La plupart du temps, quand je lis un récit de Musnik, je retrouve un des très nombreux personnages de l'auteur.
En effet, Musnik aimait réutiliser ses textes, mais aussi ses personnages et il en créa un très grand nombre (Mandragore, Jack Desly, Daniel Marsant, le commissaire Lenormand, le commissaire Benoît, Robert Lacelles, Michel Vaudreuil, Yves Michelot, l'inspecteur Gaspin, l'inspecteur Marcellin...)
Mais, parfois, je lis également des " one shot ", des récits indépendants, ce qui est le cas du titre du jour.
Si le fascicule fait 32 pages, le fait qu'il fut publié en petits caractères explique que le texte atteint 14500 mots là où la plupart des titres de ce format ne dépassent guère 10 000 mots.
Cet excédent (qui frise les 50 %) permet alors à l'auteur de développer un peu plus son histoire et on a déjà constaté que Musnik était plus à l'aise dans les textes longs que dans le pur format fasciculaire 32 pages (Lire la série « Mandragore » pour s'en convaincre).

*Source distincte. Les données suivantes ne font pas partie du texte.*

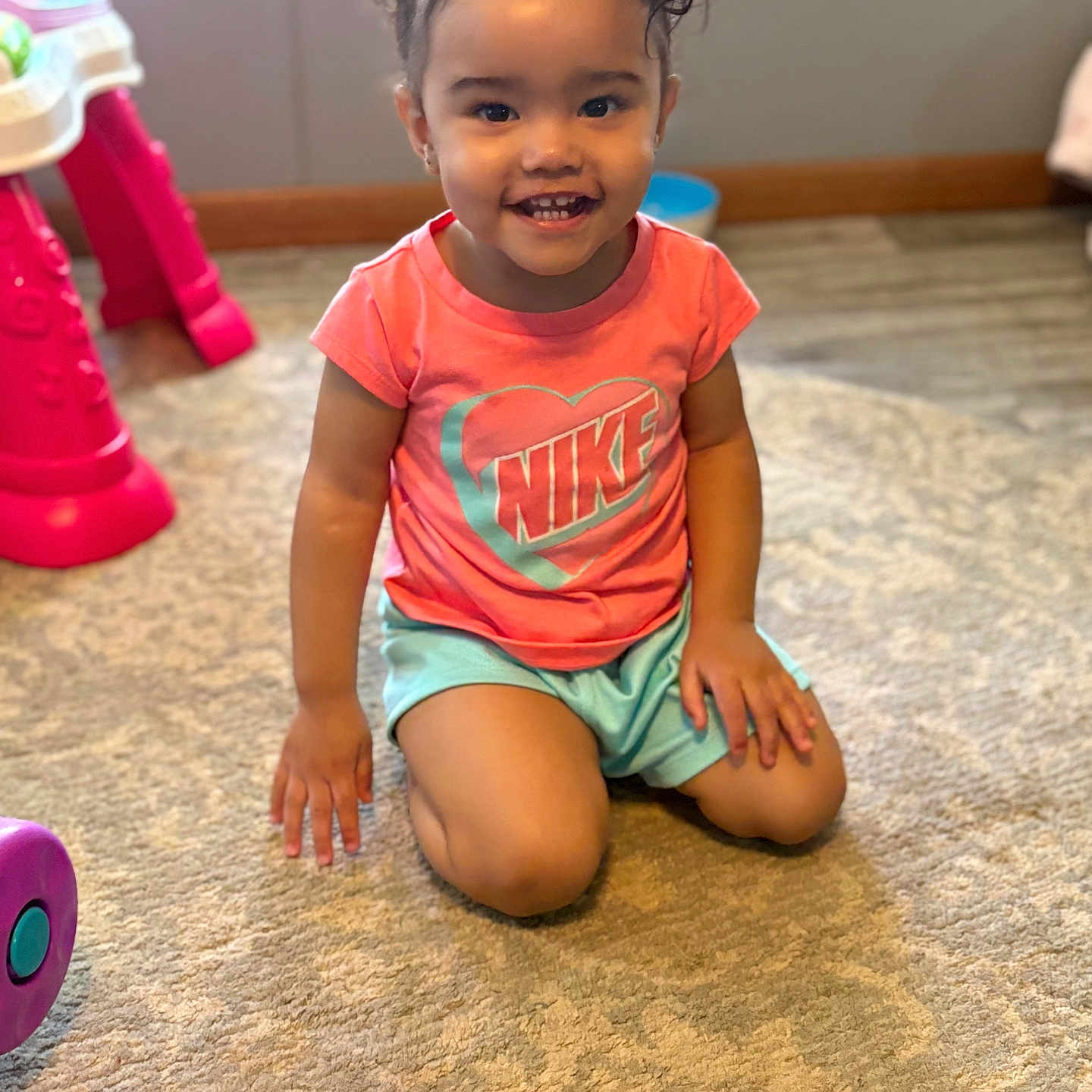 Marilyn is registered to the contest to win money with this photo: baby, babylaughing, bodypart, child, clothing, crawling, face, female, girl, happy, head, person, photography, portrait, shorts, sitting, sleeve, smile, standing, t_shirt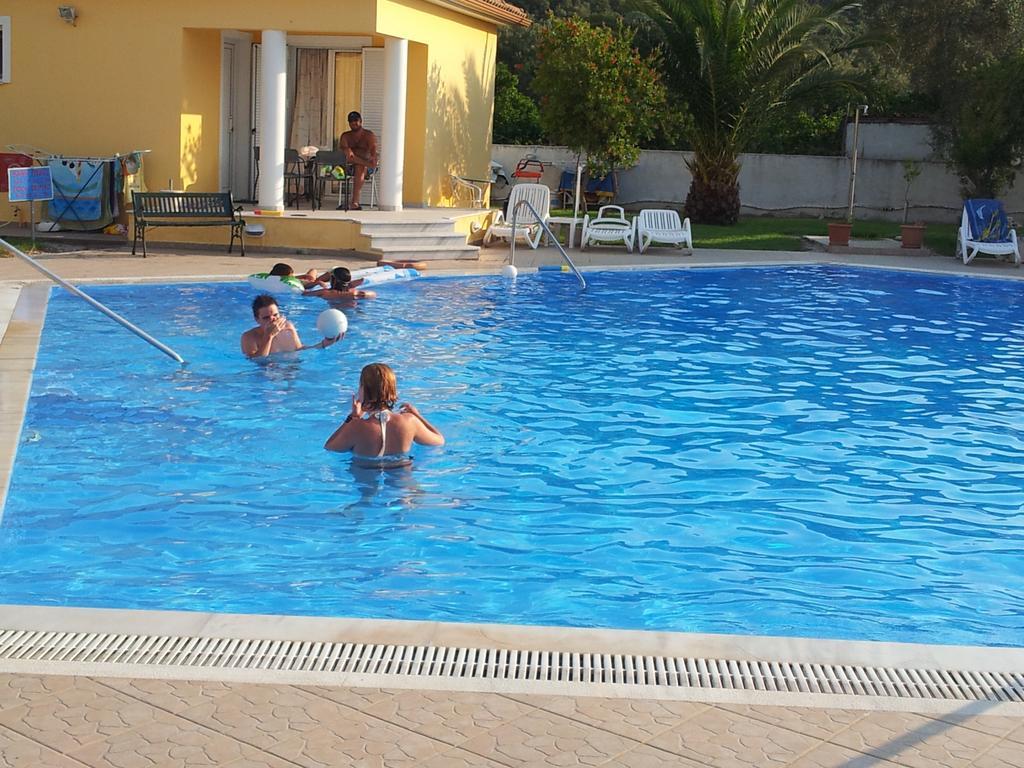Iliaktida Studio-Villas Frínion Rum bild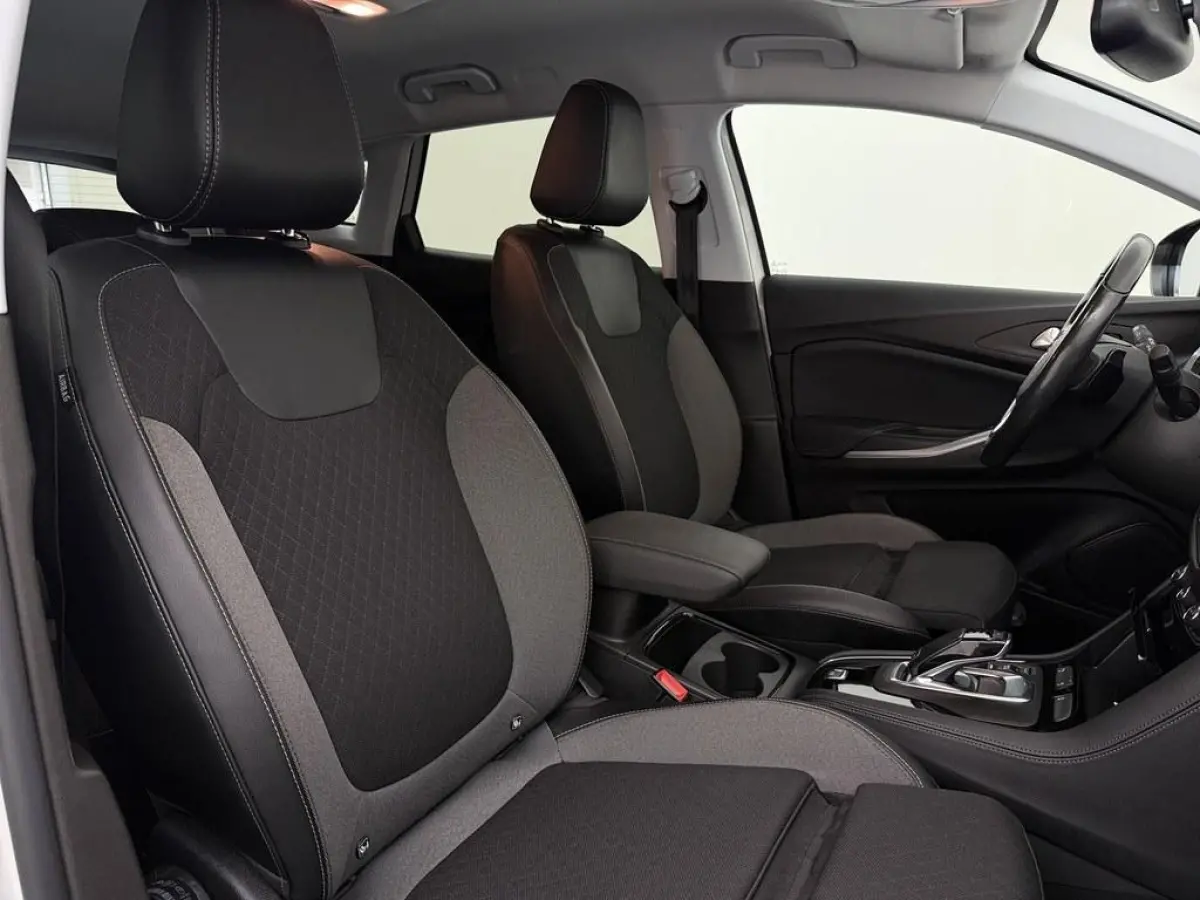 1.2 Turbo Automaat GS Line Trekhaak/Winterpakket/ Camera/Nav/Vc/Ecc/Keyless
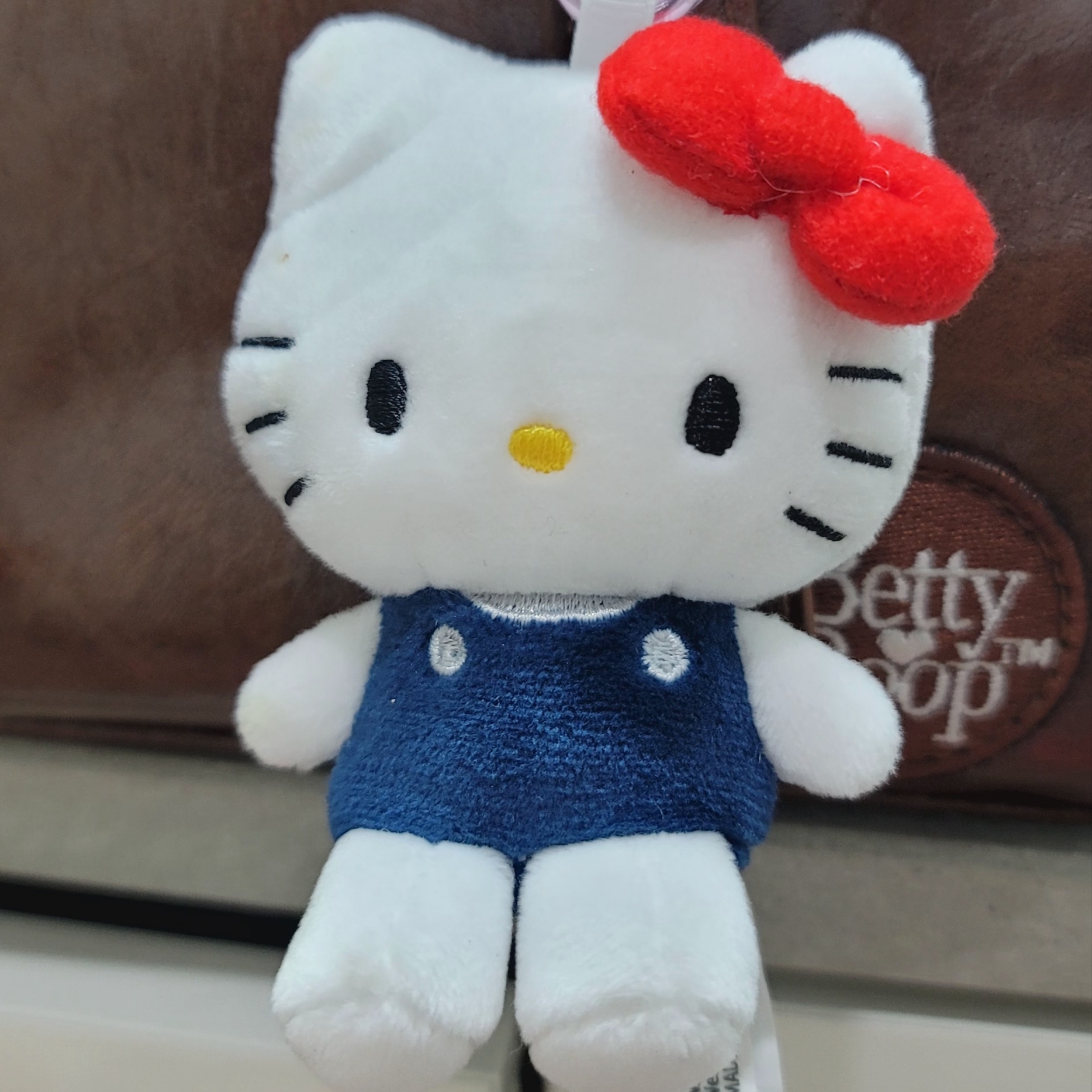 Sanrio Hello Kitty Mini Mascot Holder 착용 스타일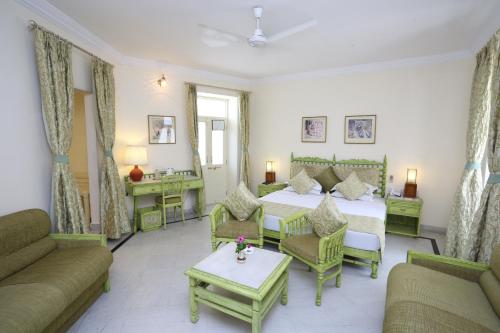 Garden Hotel
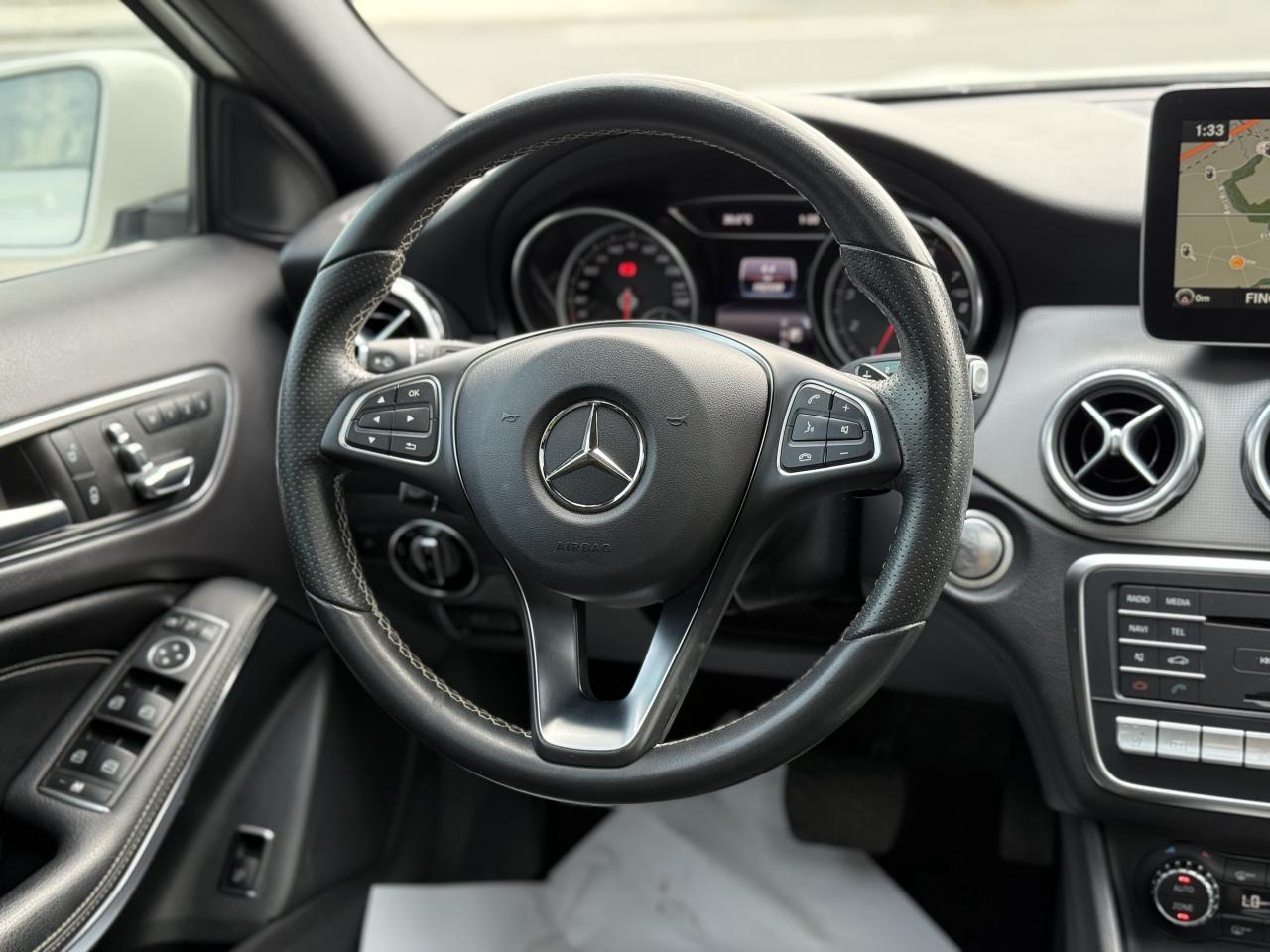 2018 Mercedes-Benz GLA //AMG SPORT | PANO | LOADED | - Photo #19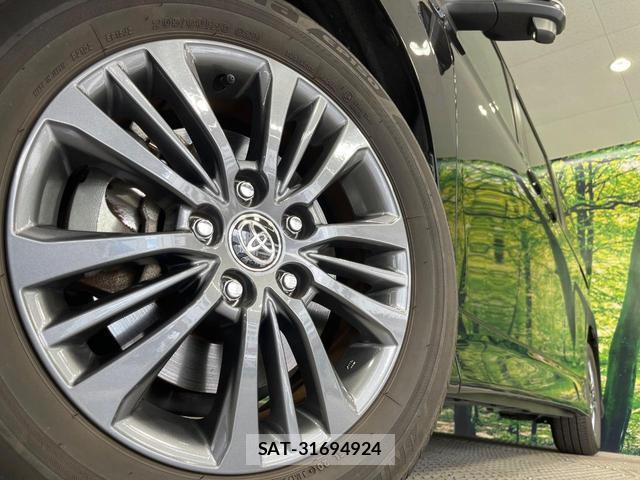 Toyota VOXY 2023-08 8650021-13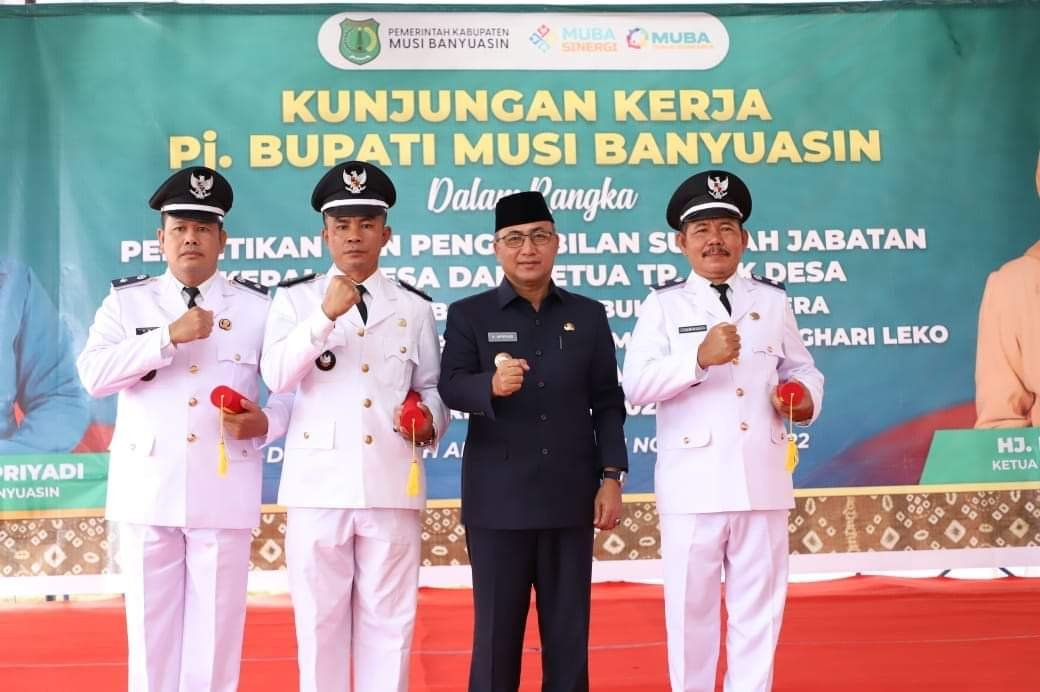 Pj Bupati Muba Lantik Tiga Kades Terpilih di Kecamatan Batang Hari Leko Pj Bupati Muba Lantik Tiga Kades Terpilih di Kecamatan Batang Hari Leko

Et c'est donc le cas ici puisque Musnik (ou Ascain) développe une histoire plus complexe que d'ordinaire dans ses récits fasciculaires. Une histoire qui, non seulement, tient la route (bien qu'on puisse en douter en cours de lecture), mais qui s'avère, en plus pas inintéressante d'autant qu'il met en parallèle deux histoires qui, bien évidemment, vont finir par se réunir pour n'en faire qu'une.
Alors, il ne faut certes pas s'attendre à un immense suspens digne des meilleurs thrillers (pas assez de place, pas le genre de l'époque), mais l'ensemble se lit très agréablement d'autant qu'Ascain (ou Musnik) semble se départir un peu de sa plume un peu plate que je lui reprochais parfois (subjectivement ?).
Car, en effet, on a le droit à des variations de genres, l'auteur n'hésitant pas, parfois, à raccourcir ses phrases, pour dynamiser, n'hésitant pas même à proposer des phrases sans verbe.
Certes, le procédé n'est ni nouveau ni génial, mais il est suffisamment efficace pour le noter.
Au final, une partition à trois personnages qui se suit avec un réel plaisir et qui permet de constater que Claude Ascain (ou Henry Musnik) pouvait aussi écrire de bons fascicules policiers.